The soundcloud.com page of Chicago-based musician Nicholas Davis is an assortment of self-contained sonic types. There are welcome urban field recordings of the city’s celebrated trains. There is wonderfully strange exotic folk-drone music. And there are, among other emerging categories of musical adventure, various short improvisations filed under the promising section header “Oscillator vs Guitar.” There are, as of this writing, five of these match-ups in total. And given that the opening one includes the word “tuning” and the closing one the word “outro,” it’s safe to listen to them under the assumption that they comprise a whole, and should be listened to in sequence. (They are numbered 1 through 5.) That said, they differ widely, even though each is indeed a mix of guitar improvisations and the presence of noise from what one presumes is an oscillator.

The exercises provide a good example of a moment when the meaningfulness of the waveforms that are intrinsic to the Soundcloud site can be called into question.
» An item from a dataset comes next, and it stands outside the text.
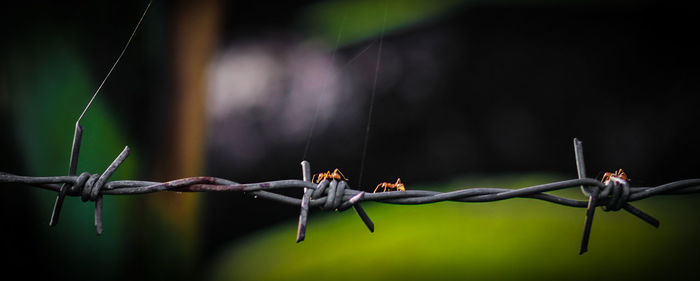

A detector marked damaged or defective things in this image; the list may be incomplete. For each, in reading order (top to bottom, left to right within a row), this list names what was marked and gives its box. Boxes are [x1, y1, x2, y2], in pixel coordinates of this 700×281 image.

rusty wire section [1, 138, 700, 254]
A track like “Oscillator vs Guitar pt4” seems, by gauging its fairly blockish waveform, likely to be less antic than, say, the more vibrant and varied “Oscillator vs Guitar pt3.” The opposite proves to be the case. No close reading of number 3 in the series would prepare the listener for the way the opening oscillator gives way to light figurations that, while angular and active, nonetheless comprise an overall meditative and monastic whole. Number 4, by contrast, is certainly static, but its stasis is woven from anxiety.

The guitar and oscillator series might be read as a series of duets for man and machine, or of a guitarist utilizing the oscillator as a kind of tonal metronome, a drone-keeper that sets a very slow pace.

Track originally posted for free streaming and download at soundcloud.com/passerby. They were all recorded live on October 31 of this year, and are listed as “rehearsals.”